# Video: Computing Numerical Expressions Involving Square Roots Using Laws of Exponents

Calculate √((9⁴ × 9²)/(9³ × 9⁵)).

02:29

### Video Transcript

Calculate the square root of nine to the fourth power times nine to the second power divided by nine to the third power times nine to the fifth power.

There are a few properties that we can use here because we will be working with like basis of nine. So when multiplying with like basis, we can add our exponents together. And when dividing with like basis, we can subtract their exponents together. So on the numerator, we can add the four and two together. And on the denominator, we can add the three and five together. So we have the square root of nine to the sixth divided by nine to the eighth.

So with the nines, we are dividing like basis of nine. So we can subtract their exponents of six and eight. So we have the square root of nine to the six minus eight power. So, we have the square root of nine to the negative second power.
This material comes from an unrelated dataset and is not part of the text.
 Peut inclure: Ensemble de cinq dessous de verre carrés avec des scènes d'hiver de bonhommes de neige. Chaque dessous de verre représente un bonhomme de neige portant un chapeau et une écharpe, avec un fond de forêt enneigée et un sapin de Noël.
From here, we can replace the square root symbol with the power of one-half. And we can use the property where when we have 𝑥 to the 𝑎 to the 𝑏 power, so a power raised to another power, we actually multiply our powers together. So we need to multiply negative two and one-half together.

So our power is negative two divided by two, which is equal to negative one. And nine to the negative first power is equal to one-ninth because when we have numbers raised to a negative exponent, if it’s on a numerator, we can move it to the dominator and make the power positive. Or, if it’s on the dominator and the power is negative, we can move it to the numerator and make the power positive.

We also could’ve worked a little bit differently from here. Nine to the fourth times nine squared means that there are four nines times two nines. So, all together, there are six nines. And then, for the denominator, nine to the third times nine to the fifth means there’s three nines and five nines, which makes sense because we have nine to the sixth power and nine to the eighth power. So all of the nines on the numerator cancel. So on the numerator we have one. Now, on the denominator, there’s two nines, so nine times nine, which is 81. So we can separate the numerator and denominator as separate square roots. So the numerator, square root of one is one. And the square root of 81 is nine. So, once again, we get one-ninth. So one-ninth will be our final answer.